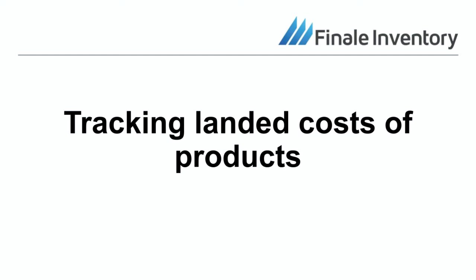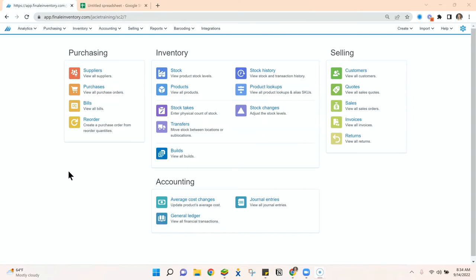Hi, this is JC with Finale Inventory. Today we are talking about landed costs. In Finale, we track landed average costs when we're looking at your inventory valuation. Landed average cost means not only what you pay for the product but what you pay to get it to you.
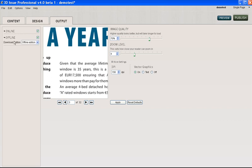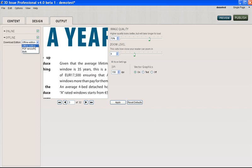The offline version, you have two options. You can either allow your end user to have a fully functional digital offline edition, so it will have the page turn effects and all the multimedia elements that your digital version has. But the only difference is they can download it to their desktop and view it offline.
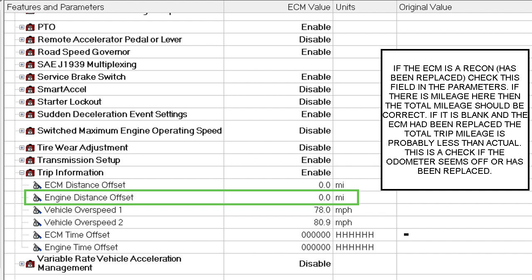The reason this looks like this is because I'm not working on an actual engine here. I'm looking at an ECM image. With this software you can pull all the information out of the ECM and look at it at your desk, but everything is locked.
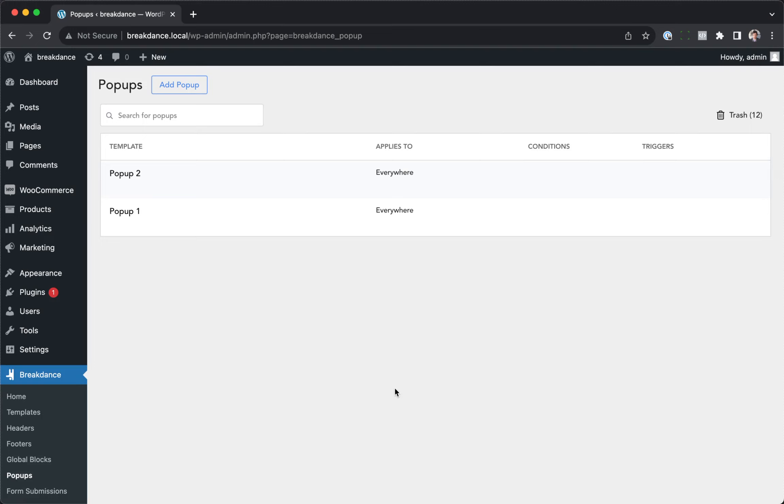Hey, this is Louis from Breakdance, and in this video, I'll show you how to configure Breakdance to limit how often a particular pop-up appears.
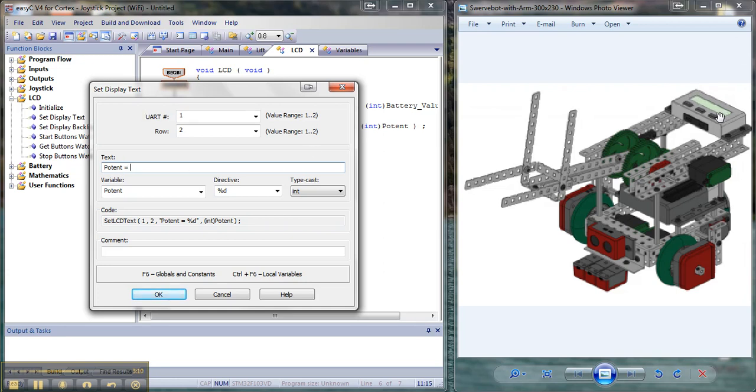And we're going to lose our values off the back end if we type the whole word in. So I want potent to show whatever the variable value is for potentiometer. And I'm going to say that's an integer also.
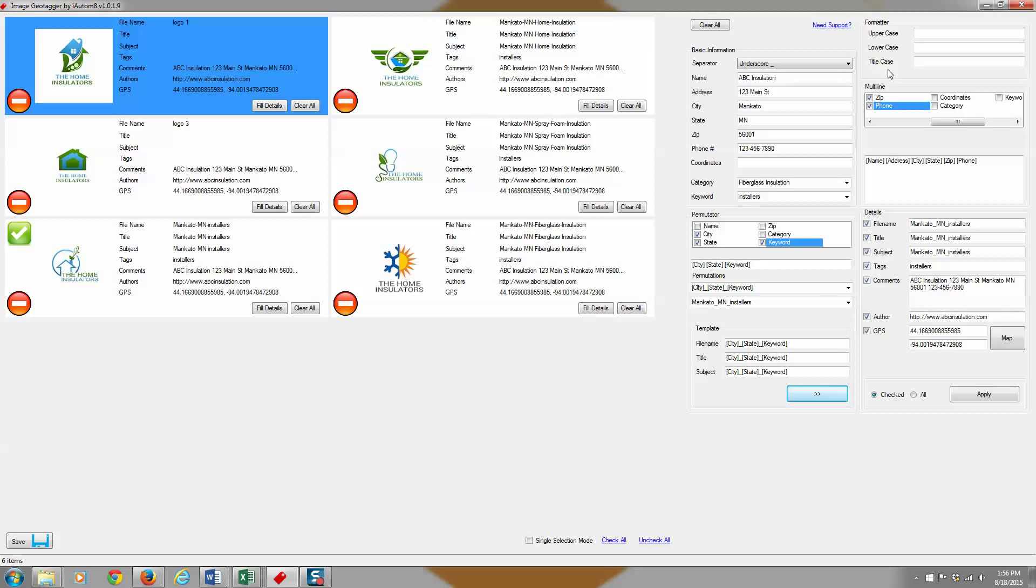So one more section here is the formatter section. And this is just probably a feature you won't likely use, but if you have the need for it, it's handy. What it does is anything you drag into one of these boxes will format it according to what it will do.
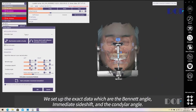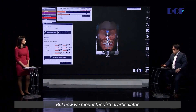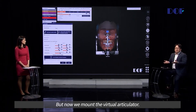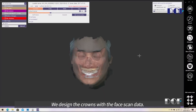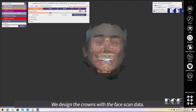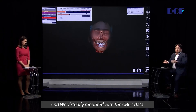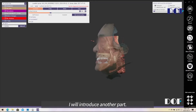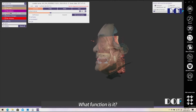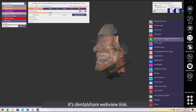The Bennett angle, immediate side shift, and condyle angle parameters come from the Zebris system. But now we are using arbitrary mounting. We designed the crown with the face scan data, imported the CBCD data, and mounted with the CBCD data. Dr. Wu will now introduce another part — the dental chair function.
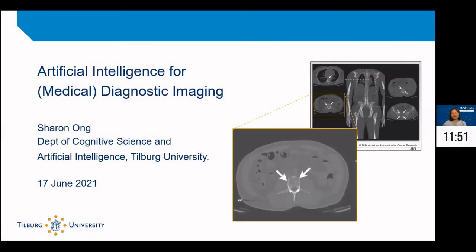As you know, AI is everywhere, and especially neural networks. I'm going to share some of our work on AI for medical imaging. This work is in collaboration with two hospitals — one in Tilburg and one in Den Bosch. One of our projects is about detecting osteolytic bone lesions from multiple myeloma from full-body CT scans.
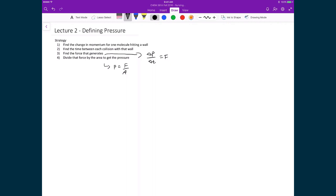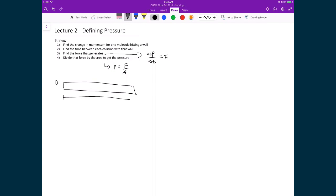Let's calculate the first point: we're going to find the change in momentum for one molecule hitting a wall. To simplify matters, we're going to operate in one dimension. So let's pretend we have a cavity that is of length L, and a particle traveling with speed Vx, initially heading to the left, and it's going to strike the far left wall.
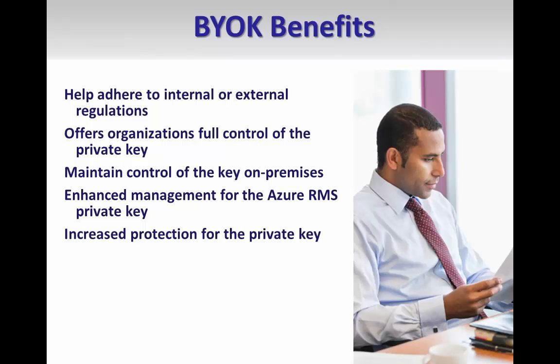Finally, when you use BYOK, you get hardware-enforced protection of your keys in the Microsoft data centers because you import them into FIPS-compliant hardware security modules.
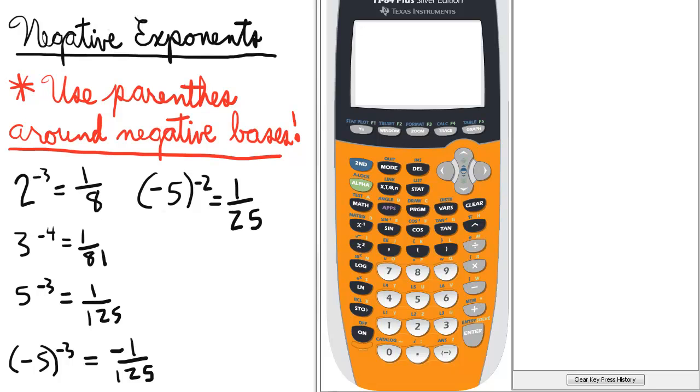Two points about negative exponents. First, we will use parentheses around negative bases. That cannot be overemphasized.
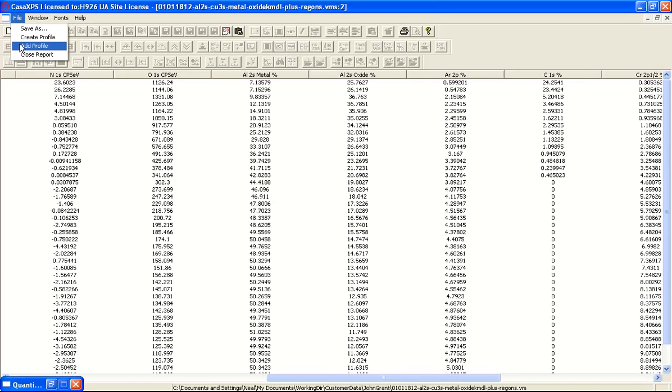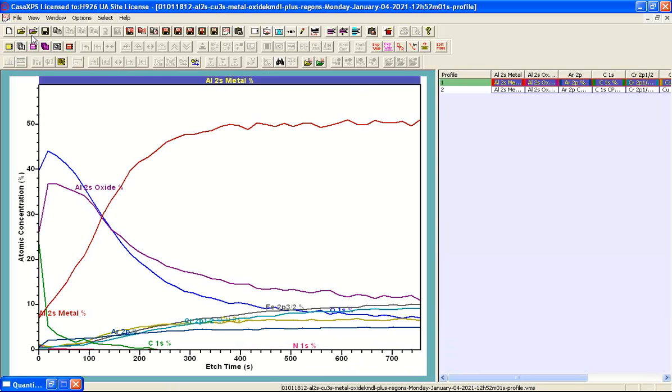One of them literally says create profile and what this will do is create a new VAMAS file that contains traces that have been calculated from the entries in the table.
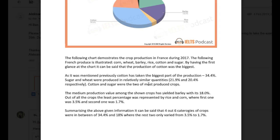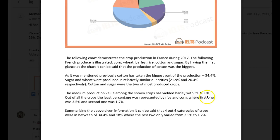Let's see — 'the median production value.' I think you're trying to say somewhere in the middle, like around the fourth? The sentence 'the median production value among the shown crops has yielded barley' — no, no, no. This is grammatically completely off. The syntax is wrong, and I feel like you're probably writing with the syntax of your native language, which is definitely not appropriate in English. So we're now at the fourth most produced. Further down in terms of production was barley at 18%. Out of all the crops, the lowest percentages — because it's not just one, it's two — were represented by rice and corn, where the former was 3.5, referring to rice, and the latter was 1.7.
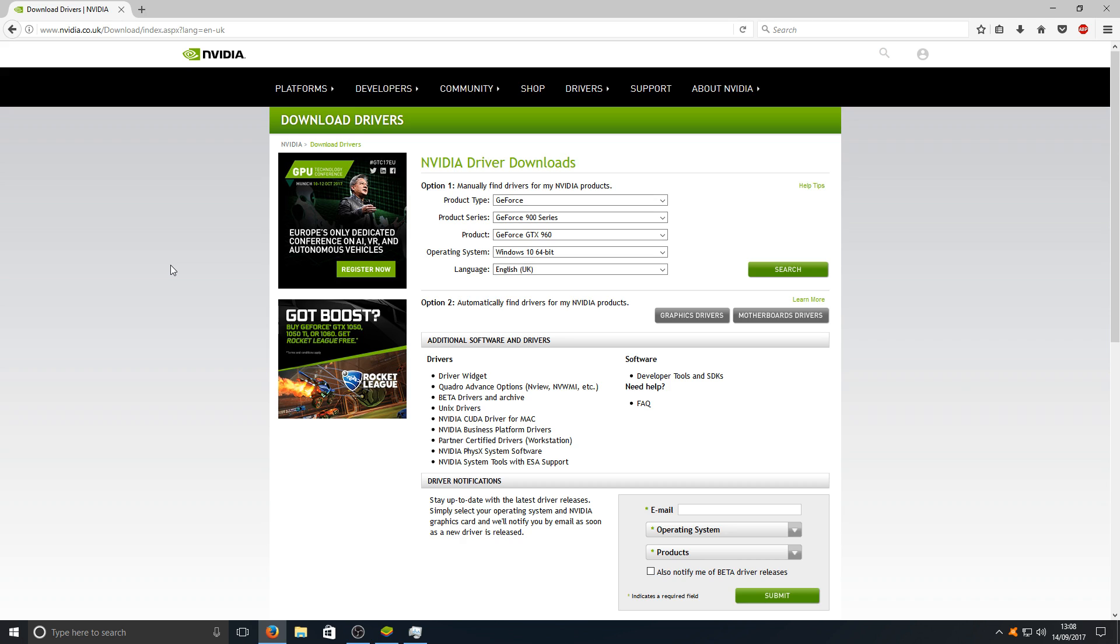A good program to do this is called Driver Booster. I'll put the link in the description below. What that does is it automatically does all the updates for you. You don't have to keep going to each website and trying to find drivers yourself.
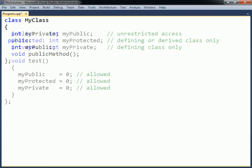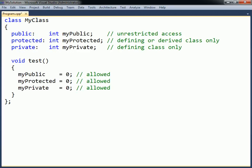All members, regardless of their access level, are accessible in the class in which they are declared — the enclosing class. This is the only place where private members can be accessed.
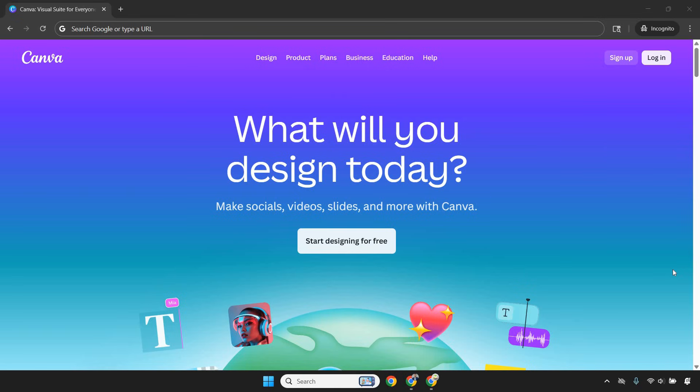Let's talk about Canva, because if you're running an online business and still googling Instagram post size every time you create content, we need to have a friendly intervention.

WHAT YOU WILL DO – In the entries above, every line from the line with "Hey, this is" to the line with "And we're going" is to be printed exactly, with both ends included and pictures excluded.

SOLVED EXERCISE –
Hey, this is Louis from Breakdance, and in this video, I'll show you how to configure Breakdance to limit how often a particular pop-up appears.
And we're going to lose our values off the back end if we type the whole word in. So I want potent to show whatever the variable value is for potentiometer. And I'm going to say that's an integer also.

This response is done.